Exams and Tests for Neck Pain
How the Cause of Neck Pain Is Diagnosed
Neck pain can be a symptom of an underlying cervical spine condition. You should get an accurate diagnosis of what's causing your pain. Your doctor will go through several exams and tests to help diagnose your neck pain.
During your visit, your doctor or spine specialist will ask you questions and perform some basic exams. This is to try to identify the cause of your neck pain and develop a treatment plan for you—a way to manage your pain and other symptoms and to help you recover.
Medical History Review
First, the doctor will ask about your current symptoms and remedies you have already tried. He or she will ask some typical questions, such as:
- When did the neck pain start?
- What activities did you recently do?
- What have you done for your neck pain?
- Does the pain radiate or travel to other parts of your body (eg, down your arm)?
- Does anything reduce the pain or make it worse?
Your spine specialist will also perform physical and neurological exams.
In the physical exam, your doctor will observe your posture, range of motion, and physical condition, noting any movement that causes you pain. Your doctor will feel your spine, note its curvature and alignment, and feel for muscle spasm. He or she will also check your shoulder area.

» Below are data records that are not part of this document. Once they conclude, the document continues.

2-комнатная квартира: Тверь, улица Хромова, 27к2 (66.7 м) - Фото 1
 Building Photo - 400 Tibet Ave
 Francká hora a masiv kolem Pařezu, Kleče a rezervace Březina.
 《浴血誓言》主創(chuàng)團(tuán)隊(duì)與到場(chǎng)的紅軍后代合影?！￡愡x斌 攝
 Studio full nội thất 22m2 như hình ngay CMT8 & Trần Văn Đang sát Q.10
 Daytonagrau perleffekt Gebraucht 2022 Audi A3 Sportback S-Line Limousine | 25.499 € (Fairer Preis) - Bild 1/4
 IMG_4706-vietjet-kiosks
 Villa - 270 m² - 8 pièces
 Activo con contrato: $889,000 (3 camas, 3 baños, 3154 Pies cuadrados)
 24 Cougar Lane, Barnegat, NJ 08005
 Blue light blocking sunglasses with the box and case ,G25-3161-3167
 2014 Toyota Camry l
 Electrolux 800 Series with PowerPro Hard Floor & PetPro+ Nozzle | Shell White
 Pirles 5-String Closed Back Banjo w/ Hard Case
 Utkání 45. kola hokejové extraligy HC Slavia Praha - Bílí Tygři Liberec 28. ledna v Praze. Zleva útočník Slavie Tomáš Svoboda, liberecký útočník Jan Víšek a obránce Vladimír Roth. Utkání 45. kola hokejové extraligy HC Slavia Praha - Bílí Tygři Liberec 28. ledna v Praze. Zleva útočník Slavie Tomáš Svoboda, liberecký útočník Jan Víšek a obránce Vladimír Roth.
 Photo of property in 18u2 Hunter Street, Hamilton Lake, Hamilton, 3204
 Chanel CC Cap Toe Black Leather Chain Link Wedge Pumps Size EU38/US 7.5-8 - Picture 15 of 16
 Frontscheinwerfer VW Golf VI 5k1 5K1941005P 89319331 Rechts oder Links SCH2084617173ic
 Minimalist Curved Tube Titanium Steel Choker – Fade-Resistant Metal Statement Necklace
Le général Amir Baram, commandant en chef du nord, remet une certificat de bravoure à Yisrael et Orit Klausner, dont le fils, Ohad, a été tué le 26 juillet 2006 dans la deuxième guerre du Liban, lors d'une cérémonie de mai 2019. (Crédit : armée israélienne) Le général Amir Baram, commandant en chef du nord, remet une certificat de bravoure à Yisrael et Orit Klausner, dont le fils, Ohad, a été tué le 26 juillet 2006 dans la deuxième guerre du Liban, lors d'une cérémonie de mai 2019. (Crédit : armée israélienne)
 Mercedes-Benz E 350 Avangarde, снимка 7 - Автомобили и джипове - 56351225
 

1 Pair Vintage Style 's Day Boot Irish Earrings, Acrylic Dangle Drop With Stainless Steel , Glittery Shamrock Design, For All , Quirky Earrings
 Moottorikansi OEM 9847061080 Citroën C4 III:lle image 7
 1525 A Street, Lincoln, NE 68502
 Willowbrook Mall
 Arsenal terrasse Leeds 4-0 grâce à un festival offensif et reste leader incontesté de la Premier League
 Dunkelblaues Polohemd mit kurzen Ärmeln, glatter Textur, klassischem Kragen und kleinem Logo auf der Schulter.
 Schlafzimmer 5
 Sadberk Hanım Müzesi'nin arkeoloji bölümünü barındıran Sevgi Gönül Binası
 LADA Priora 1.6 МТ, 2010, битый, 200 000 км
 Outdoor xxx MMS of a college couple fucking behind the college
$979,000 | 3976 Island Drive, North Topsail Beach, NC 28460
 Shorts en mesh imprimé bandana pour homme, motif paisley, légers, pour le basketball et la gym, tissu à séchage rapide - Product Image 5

During the neurological exam, your spine specialist will test your reflexes, muscle strength, other nerve changes, and pain spread (eg, does the pain move down your arm and into your hand?)
To diagnose the cause of your neck pain, you may need to have some imaging tests done.
You may have an x-ray, which can show narrowed disc space (spinal stenosis), fractures, bone spurs (osteophytes), or osteoarthritis.
A computerized tomography (CT) scan or a magnetic resonance imaging (MRI) test can show a bulging disc or a herniated disc.
You also may be asked to undergo additional tests.
- Bone scan: To help your doctor detect spinal problems such as osteoarthritis (spondylosis), spinal fractures, or infections, you may have a bone scan. You will have a very small amount of radioactive material injected into a blood vessel. That will travel through your blood stream and be absorbed by your bones. More radioactive material will be absorbed by an area where there is abnormal activity—like an inflammation. A scanner can detect the amount of radiation in all your bones and show the "hot spots" (the areas with more radioactive material) to help your doctor figure out where the problem is.
- Discogram: This is a procedure that confirms or denies the disc(s) as the source of your pain. You will have a harmless dye injected into one of your discs. If there's a problem with your disc—like it's herniated—the dye will leak out of the disc. The doctor will be able to see that on an x-ray, and that will show him/her that there's something wrong with your disc.
- Electromyograph (EMG): If it's possible you have nerve damage, you may need this special test to measure how quickly your nerves respond. Usually, this test isn't ordered right away because it may take several weeks before you notice that you're having nerve problems (such as abnormal reflexes or weakness).
- Myelogram: To see if you have a spinal canal or spinal cord disorder—perhaps nerve compression causing pain and weakness—you may have a myelogram. In this test, you'll have a special dye injected into the area around your spinal cord and nerves. (Before that happens, the area will be numbed.) Then you'll have an x-ray or a CT scan. The image will provide a detailed anatomic picture of your spine, especially of the bones, and the doctor will look at that to see if anything's pressing on your nerves.
Diagnosing neck pain can be tricky. Because there are many possible causes of neck pain, there may be overlapping symptoms with other conditions. Be a good patient—and be patient. Your spine specialist is trying to determine if your neck pain is serious and is also working to choose the best treatment for your cervical spine condition.